Paul had a similar exhortation for the Christians in Colossae. “Therefore as you have received Christ Jesus the Lord, so walk in Him, having been firmly rooted and now being built up in Him and established in your faith, just as you were instructed, and overflowing with gratitude” (Colossians 2.6-7). Growth, gratitude, and a deep faith are impossible without a deep root system. 

That’s why regular spiritual disciplines and practices are so essential to the formation of our faith. Bible reading, meditation, memorization, and study are building blocks of spiritual maturity. We need the daily challenge of personal Bible study as well as the weekly opportunity to study with other Christians. Prayer is an opportunity to expand our root system by expressing gratitude and praise to God, as well as offering our petitions to him. Worship keeps us vital and strong. It provides nourishment and refreshment from the harsh realities of life. It gets us in the presence of God and in the presence of his people. It puts our minds on a higher plane awhile each week. 

So, while you’re thinking about taking care of your lawn and garden, take a bit of time to nourish your soul. Get some water and feed, pull some weeds, and get ready to grow. 

The Power of the Resurrection

In 1812 during the Napoleonic Wars, Lord Wellesley (the Duke of Wellington) won a critical battle at Salamanca in Spain. To announce his victory, he sent a courier to England. One of his admirals also attempted to send a message by using semaphore. His message said, “Wellington defeated the French.” Just as the first two words were sent, a heavy fog rolled in, ending all visual communications for 48 hours. In England, all they saw was, “Wellington defeated.” 

When the fog lifted, the message was re-sent, this time in full. The semaphore message & courier arrived at the same time to confirm the victory. What appeared to be a message of defeat became a message of victory.

When Jesus of Nazareth was crucified, his followers were crushed. The one they believed, trusted, and followed for three years died as a common criminal. Their hopes were dashed. 

When the resurrection morning came, they saw the empty tomb and later saw him. What appeared to be defeat became victory.

Ephesians 1.18-21 says, “I pray that the eyes of your heart may be enlightened, so that you will know what is the hope of His calling, what are the riches of the glory of His inheritance in the saints, and what is the surpassing greatness of His power toward us who believe. These are in accordance with the working of the strength of His might which He brought about in Christ, when He raised Him from the dead and seated Him at His right hand in the heavenly places, far above all rule and authority and power and dominion, and every name that is named, not only in this age but also in the one to come.”

Paul says he wanted the Christians in Ephesus to experience the power of God. This was the same power that God used to raise Jesus from the dead. Think about it! Think about what it would take to raise someone from the dead. What would it take to reunite body and spirit? To not only stop but reverse the body’s decay. To restore the person to perfect health. To reanimate the corpse’s organs and cells. To bring life out of death. That’s what God did when he raised Jesus from the dead. 

Most remarkable of all is that this same power is available to believers.
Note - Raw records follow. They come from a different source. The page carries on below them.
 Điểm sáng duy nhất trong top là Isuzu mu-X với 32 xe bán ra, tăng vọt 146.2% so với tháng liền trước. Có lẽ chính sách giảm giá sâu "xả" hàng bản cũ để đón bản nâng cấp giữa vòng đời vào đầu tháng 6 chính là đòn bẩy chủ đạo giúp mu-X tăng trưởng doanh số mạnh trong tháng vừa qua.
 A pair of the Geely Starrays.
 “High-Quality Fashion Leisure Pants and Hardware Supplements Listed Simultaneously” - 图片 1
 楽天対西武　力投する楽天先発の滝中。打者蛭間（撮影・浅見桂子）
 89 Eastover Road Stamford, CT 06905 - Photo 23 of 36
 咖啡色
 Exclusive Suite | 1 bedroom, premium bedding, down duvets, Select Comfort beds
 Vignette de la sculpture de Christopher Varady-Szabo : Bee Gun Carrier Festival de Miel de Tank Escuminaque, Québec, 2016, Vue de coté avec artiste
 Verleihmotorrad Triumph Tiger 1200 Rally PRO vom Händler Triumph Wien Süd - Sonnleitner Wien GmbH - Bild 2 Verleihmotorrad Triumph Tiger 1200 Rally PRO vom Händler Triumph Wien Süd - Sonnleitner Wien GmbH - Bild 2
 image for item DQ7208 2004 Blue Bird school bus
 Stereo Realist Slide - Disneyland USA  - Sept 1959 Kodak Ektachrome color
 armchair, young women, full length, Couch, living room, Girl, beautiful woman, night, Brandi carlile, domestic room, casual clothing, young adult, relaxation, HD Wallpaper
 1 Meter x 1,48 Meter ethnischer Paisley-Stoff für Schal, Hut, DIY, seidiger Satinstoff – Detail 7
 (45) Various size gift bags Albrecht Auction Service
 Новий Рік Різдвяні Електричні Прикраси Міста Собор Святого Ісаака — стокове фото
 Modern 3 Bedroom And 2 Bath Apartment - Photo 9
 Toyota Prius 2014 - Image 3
Someday this power will raise our bodies from the dead and prepare us for eternal habitation (Ephesians 1.19-20; 1 Corinthians 15.42-57). This power is what raises us up from spiritual death and its consequences (Ephesians 2.1-10). This same power transforms us from ungodliness to godliness, from sin to righteousness, from darkness to light (Ephesians 4.17-24). This is ultimately the power of God to save (Ephesians 6.10-17). 

However dark and hopeless this world seems to be, Jesus was raised from the dead by the power of God. This power can be yours if you trust and obey.